Designing for All
Bauer Research Examines Consumer Response to Unintentional Exclusion
Published on October 27, 2021
Research from the C. T. Bauer College of Business published in the Journal of Consumer Psychology examines the consumer response to being (unintentional) excluded by the way a product or service is designed.
“Inclusive design considers the needs and capabilities of the whole population to decrease the actual or perceived mismatch between the user and the design object,” writes Associate Dean of Research Vanessa Patrick and a co-author in “Designing for All: Consumer Response to Inclusive Design.”
Patrick, who is also a Professor of Marketing, conducts research that deals with the psychology of everyday aesthetics and design. “Designing for All,” begins with a detailed description of a common failure of inclusive design in industrial settings. Organizations claim gender-neutral hiring policies, but nevertheless often provide “unisex” personal protective gear that is several sizes too big for the typical female frame.
“When employees need to use duct tape to tailor oversized gloves or coveralls that drag on the ground, it not only has the potential to be unsafe, but can also hinder their ability to feel part of a team and therefore perform at their best,” Patrick said.
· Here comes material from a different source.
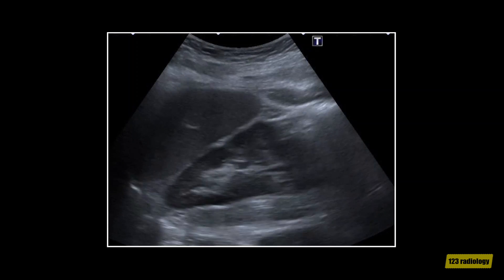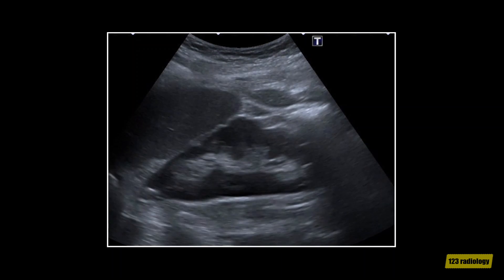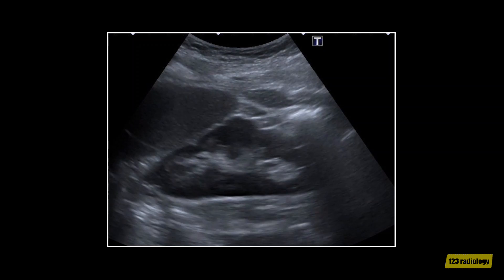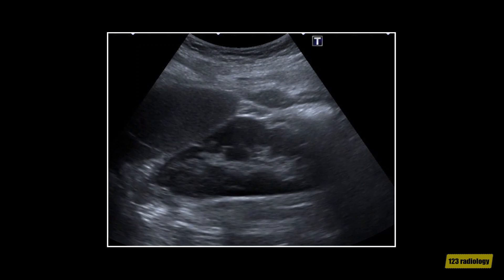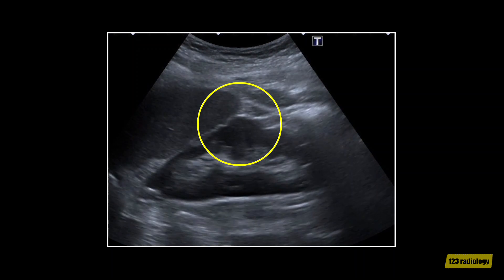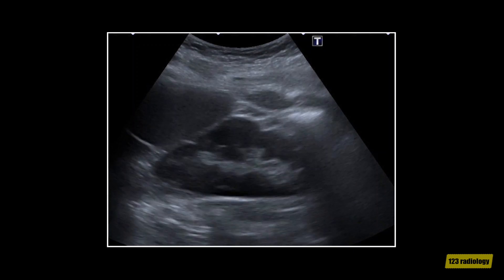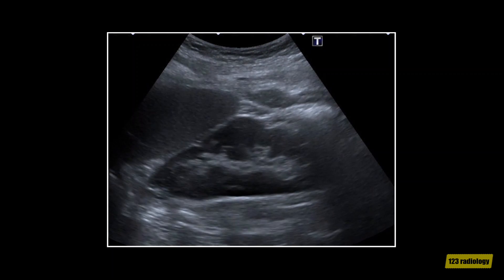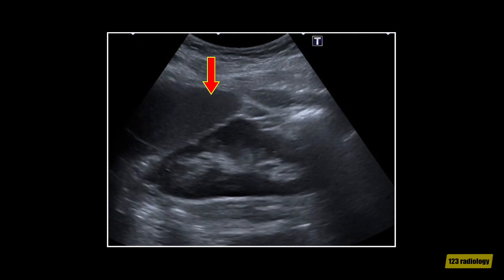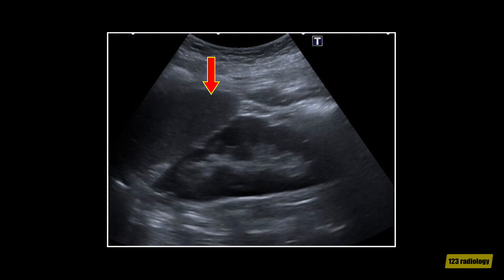This video clip shows a case of dromedary hump. This is a longitudinal view of the left kidney. It shows a focal bulge arising from the lateral border of the left kidney. This bulge shows the same echogenicity as the adjacent normal renal parenchyma, consistent with a dromedary hump. The inferior edge of the spleen is seen superiorly, adjacent to the kidney.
In the paper, the researchers provide several useful tools to enhance understanding of Inclusive Design: the ADDRESSING typology that allows a marketer to assess who might be unintentionally excluded, the DARE (Design – Appraisal – Response – Evaluation) model to understand how a consumer responds to being excluded and a best-practices 3-Levels framework to design products, services and experiences that cater to the needs of a more diverse consumer base to ultimately benefit everyone who uses the product.
“Inclusive design works best when it's not intended for a specific need, but rather benefits anyone who uses it,” they write.
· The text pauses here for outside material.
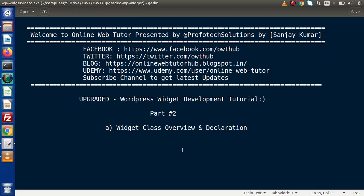Hello guys, welcome to Online Web Tutor presented by the Proof of Textations team. I am Sanjay. We are learning about the upgraded playlist of WordPress Widget Development. This is our part number 2. Inside this video session, we will see about Widget Class Overview as well as its declaration.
Patrick recently spoke to academic practitioners in a Marketing Science Institute (MSI) lecture on Inclusive Design. The recording of her talk can be found here.
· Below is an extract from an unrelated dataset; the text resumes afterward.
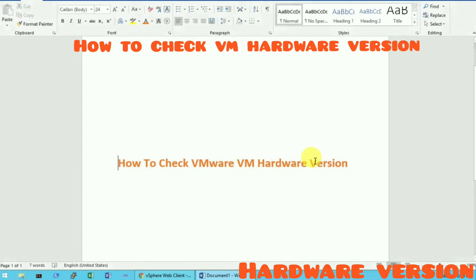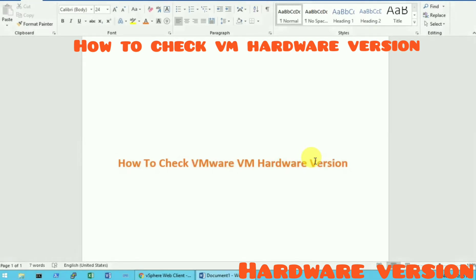Hi friends, my name is Vivek and I wanted to show you here how to check hardware version for virtual machine. So the topic is how to check VMware VM virtual machine hardware version. So let's start.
In addition, she has created a “starter kit,” designed to help professors and educators introduce a discussion of inclusive design in the classroom. The deck introduces the concept, provides examples and suggestions for in-class exercises/class discussions and eight mini case studies that illustrate inclusive design principles and pitfalls to avoid. To download the starter kit, please click here.
Patrick’s work has appeared in numerous prestigious academic journals and leading media outlets. She is an Associate Editor for the Journal of Consumer Research, the Journal of Marketing Research, the Journal of Consumer Psychology, and the Journal of Retailing. Patrick also serves on the editorial review board for Journal of Marketing, is a Fulbright Specialist for 2019-2024 and serves as Lead Faculty for the Bauer Executive Women in Leadership Program.